One way to think about art is in terms of what kind of balance it has between the expected and the unexpected. Or a way to say it more quantitatively is that each piece has a ratio between what’s predictable and what’s unpredictable by the audience that hears it.
A familiar way to discuss these dynamics is to talk about television shows or movies. We describe rom-coms with obvious endings as being corny or predictable, meaning we knew what was going to happen next, perhaps even what would be said next, because we’ve seen the patterns before.
A show like Law & Order or an HGTV home renovation show will follow recognizable formulas and thus will appeal to a certain audience that is comforted by a high ratio of predictability. (No judgment here–I find myself in that audience sometimes if I’m doing my taxes while watching, for example.)
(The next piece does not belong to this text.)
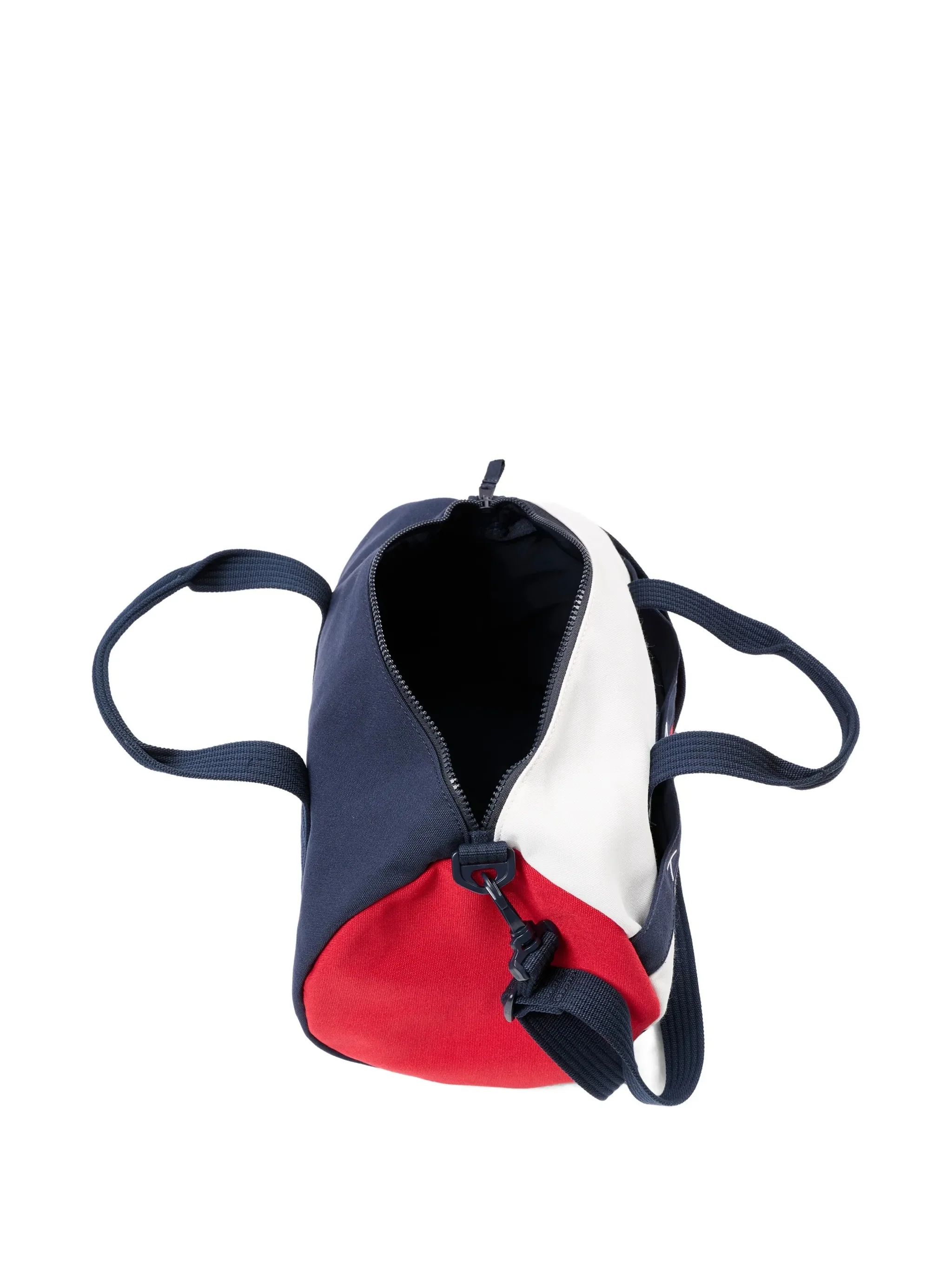 Tommy Hilfiger Kids Heritage Flag Sports Bag Blue Borsa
Most of the films by David Lynch will appeal to an audience that savors a much higher ratio of unpredictability.
But regardless of which ratio appeals to you in general or on a particular day, we usually all prefer some kind of balance between them.
How does this apply to our music?
Well, one way it shows up is when we’re writing a song or a piece and our hands find themselves retracing the same patterns we’ve played on our instrument many times before. Or we put ourselves into a creative state but our voice sings a melody or in a cadence that is likewise habitual. It’s like we’re stuck in the past.
In these moments, can we pause and invite in the unexpected?
In the Jewish tradition, there’s a ceremony in which an unoccupied chair is reserved for the prophet Elijah. (The ceremony itself could be considered to be more of an editing activity, but the point stands nonetheless.) How else could Elijah himself feel welcomed unless we allowed a specific space for him?
In our songs and in the process itself, can we leave a chair open for the unexpected to sit right down next to us and collaborate?
If there’s no room, how can we expect the unexpected to show up?
In the next few newsletters, I will explore this topic further, but for today, I invite you to ask yourself the question in the most broad way possible:
How can you leave more room in your music for the unexpected?